* _THE DATA_
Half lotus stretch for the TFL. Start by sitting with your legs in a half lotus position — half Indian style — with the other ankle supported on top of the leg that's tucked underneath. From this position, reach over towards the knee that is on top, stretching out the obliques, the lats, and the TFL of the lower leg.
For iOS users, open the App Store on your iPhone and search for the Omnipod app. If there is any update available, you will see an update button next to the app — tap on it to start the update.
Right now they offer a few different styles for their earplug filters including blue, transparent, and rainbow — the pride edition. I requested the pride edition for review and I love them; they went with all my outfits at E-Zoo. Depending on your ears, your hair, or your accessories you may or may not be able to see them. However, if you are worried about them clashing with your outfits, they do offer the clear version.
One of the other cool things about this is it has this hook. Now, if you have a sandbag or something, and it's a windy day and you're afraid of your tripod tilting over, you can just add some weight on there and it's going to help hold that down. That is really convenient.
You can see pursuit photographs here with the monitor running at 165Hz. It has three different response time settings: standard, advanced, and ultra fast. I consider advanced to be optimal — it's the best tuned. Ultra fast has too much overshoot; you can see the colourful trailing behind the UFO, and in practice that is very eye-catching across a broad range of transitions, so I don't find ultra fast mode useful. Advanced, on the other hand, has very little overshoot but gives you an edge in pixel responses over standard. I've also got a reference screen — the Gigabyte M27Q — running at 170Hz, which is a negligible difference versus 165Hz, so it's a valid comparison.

...

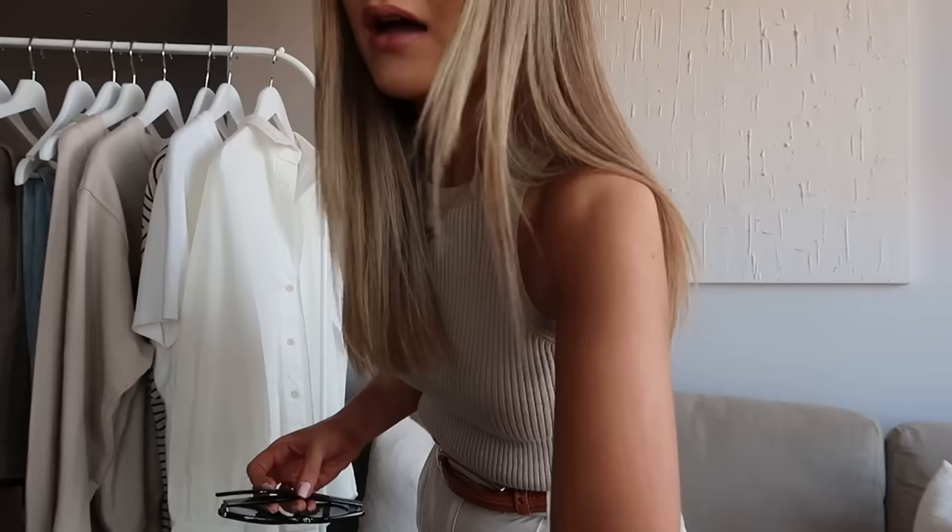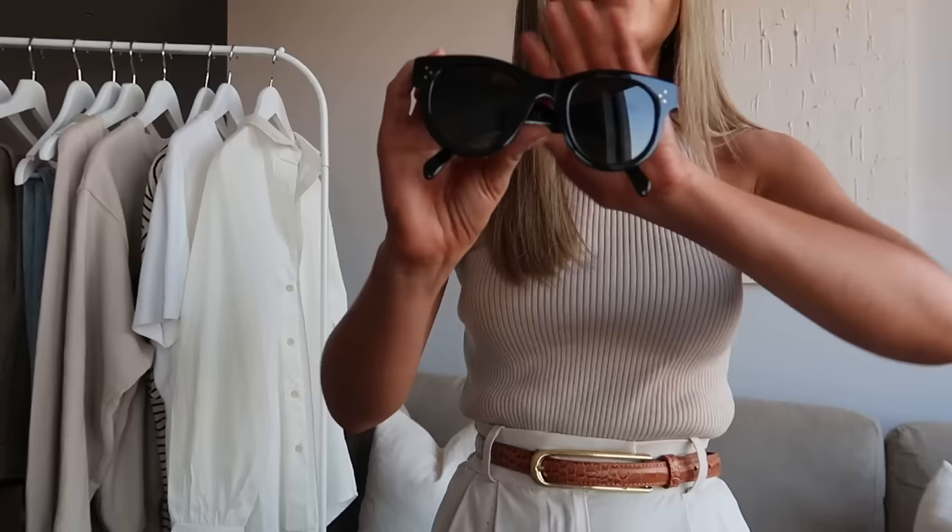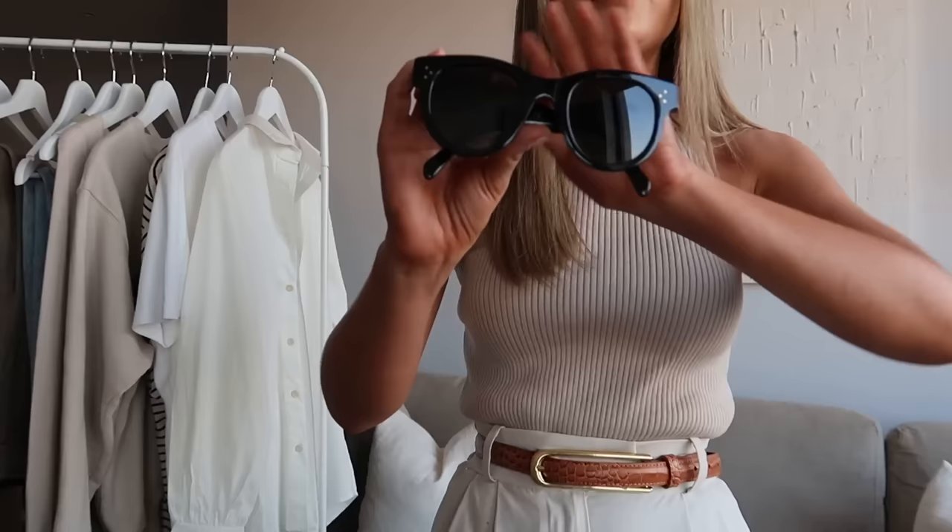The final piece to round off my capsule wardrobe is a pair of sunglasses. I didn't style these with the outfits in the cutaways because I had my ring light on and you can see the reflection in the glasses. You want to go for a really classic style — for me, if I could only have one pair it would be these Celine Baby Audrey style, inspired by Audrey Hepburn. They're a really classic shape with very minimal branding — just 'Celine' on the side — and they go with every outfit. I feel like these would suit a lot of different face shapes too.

* _PROBLEM TO SOLVE_
A single figure is all that is needed: the number of lines above that contain the string "this".

* _WRITTEN ANSWER_
2